Dual Inhibitors of AChE and BACE-1 for Reducing Aβ in Alzheimer's Disease: From In Silico to In Vivo

Abstract

Alzheimer's disease (AD) is a complex and widespread condition, still not fully understood and with no cure yet. Amyloid beta (Aβ) peptide is suspected to be a major cause of AD, and therefore, simultaneously blocking its formation and aggregation by inhibition of the enzymes BACE-1 (β-secretase) and AChE (acetylcholinesterase) by a single inhibitor may be an effective therapeutic approach, as compared to blocking one of these targets or by combining two drugs, one for each of these targets. We used our ISE algorithm to model each of the AChE peripheral site inhibitors and BACE-1 inhibitors, on the basis of published data, and constructed classification models for each. Subsequently, we screened large molecular databases with both models. Top scored molecules were docked into AChE and BACE-1 crystal structures, and 36 Molecules with the best weighted scores (based on ISE indexes and docking results) were sent for inhibition studies on the two enzymes.
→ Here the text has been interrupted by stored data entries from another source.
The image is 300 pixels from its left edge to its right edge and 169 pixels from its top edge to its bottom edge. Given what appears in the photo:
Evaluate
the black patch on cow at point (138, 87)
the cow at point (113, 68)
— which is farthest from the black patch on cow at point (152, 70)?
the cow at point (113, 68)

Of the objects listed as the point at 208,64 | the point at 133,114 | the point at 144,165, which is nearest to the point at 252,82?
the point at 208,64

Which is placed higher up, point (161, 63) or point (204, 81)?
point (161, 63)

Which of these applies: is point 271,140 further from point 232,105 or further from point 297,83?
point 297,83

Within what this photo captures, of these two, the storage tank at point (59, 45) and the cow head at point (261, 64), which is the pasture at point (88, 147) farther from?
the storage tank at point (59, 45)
Two of them inhibited both AChE (IC₅₀ between 4-7 μM) and BACE-1 (IC₅₀ between 50-65 μM). Two additional molecules inhibited only AChE, and another two molecules inhibited only BACE-1. Preliminary testing of inhibition by F681-0222 (molecule 2) on APPswe/PS1dE9 transgenic mice shows a reduction in brain tissue of soluble Aβ42.
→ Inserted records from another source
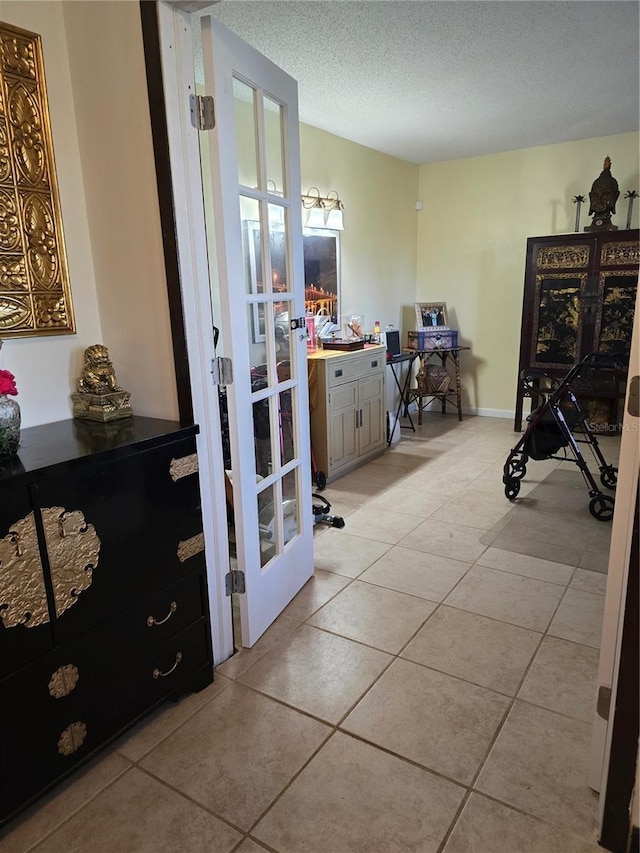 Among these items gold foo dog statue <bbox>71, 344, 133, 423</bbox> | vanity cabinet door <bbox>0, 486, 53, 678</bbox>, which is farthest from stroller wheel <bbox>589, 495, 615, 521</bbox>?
vanity cabinet door <bbox>0, 486, 53, 678</bbox>

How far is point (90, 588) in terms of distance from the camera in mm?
1460

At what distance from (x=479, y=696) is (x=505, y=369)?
4315mm

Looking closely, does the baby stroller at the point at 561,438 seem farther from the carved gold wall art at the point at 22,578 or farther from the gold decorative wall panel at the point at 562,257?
the carved gold wall art at the point at 22,578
Keywords: acetylcholinesterase (AChE); amyloid beta; dual inhibitors; enzyme inhibition; in silico; in vitro; in vivo; multi-targeting; β-secretase (BACE-1).

Figure 1

A MT (multi-targeted) drug could bind to both targets, BACE-1 (pink colored) and AChE (violet colored), so the two processes: Aβ peptide (green colored) formation from APP and Aβ aggregation. would be blocked. Additionally, by blocking AChE in the PAS, the level of non-hydrolyzed acetylcholine neurotransmitter would rise, thus, improving cholinergic activity simultaneously with the reduction in aggregation. The protein illustrations were made with Pymol software, Schrödinger and the PDB structure codes: 4M0F (AChE), 4DJW (BACE-1) and 1IYT (Aβ42).

Figure 2

Research workflow: After the creation of ISE models for AChE and for BACE-1, large databases (Section 1.4) were screened by the models’ filters and 682 molecules had top scores in both. These molecules were docked by FlexX and were given weighted scores based on both the docking results and on ISE indexes (Supplementary Excel File, Table S10E). The 177 molecules with the highest weighted scores (Supplementary Excel File, Table S14E) were filtered again by calculated logP and visual inspection to obtain the final 66 molecules (Supplementary Excel File, Table S15E) of which 36 were purchased and sent for testing inhibitions of AChE and of BACE-1 (Supplementary Excel File, Table S16E). Six molecules inhibited either AChE or BACE-1, and two of them inhibited both enzymes (Supplementary Excel File, Table S17E). Details of the in vitro tests are given in Section 2.4 below and the results are presented in Supplementary Excel File, Tables S16E and S17E.

Figure 3

BACE-1 superimposed structures 2G94 (cyan) and 4DJW (pink) in closed and open conformations, respectively. (A) the whole enzyme. (B) An enlargement of the flap region with its residues that have the largest RMSD values (these are the same residues, but with different numbering in PDB structures 70–73 or 131–134). (C) ligands in the binding site: 2G94 peptidomimetic ligand in light blue, 4DJW aminohydantoin ligand in pink. The illustration was made with Maestro 11.0, Schrödinger.

Figure 4

The six hit compounds.

Figure 5

Decrease in Aβ42 level in the brains of mice. In blue—control TG = transgene mice; In orange—tested compound, 2.

Figure 6

(A) The interactions of the dual hit, 3, (F681-0412), with binding site residues in AChE (created with MOE2011). All the important AChE residues are present and in close contacts with the ligand. Non-polar residues are colored green, polar residues are colored light purple, acidic residues are further annotated by a red ring. A hydrogen bond is marked with an arrow, and aromatic hydrocarbon interactions with H atom or a cation are marked as well. In addition to the H-bonds shown by arrows, the other residues interact with the ligand by VdW atom–atom interactions. Most of the residues mentioned in Section 2.2.5 and Supplementary Word File, Section 1.10, are shown in this figure. (B) A corresponding 3D pose of hit 3.

Figure 7

The interactions of hit molecule 2 with binding site residues of BACE-1 Asp93 deprotonated structure. Both of the catalytic aspartates form hydrogen bonds with the hit molecule.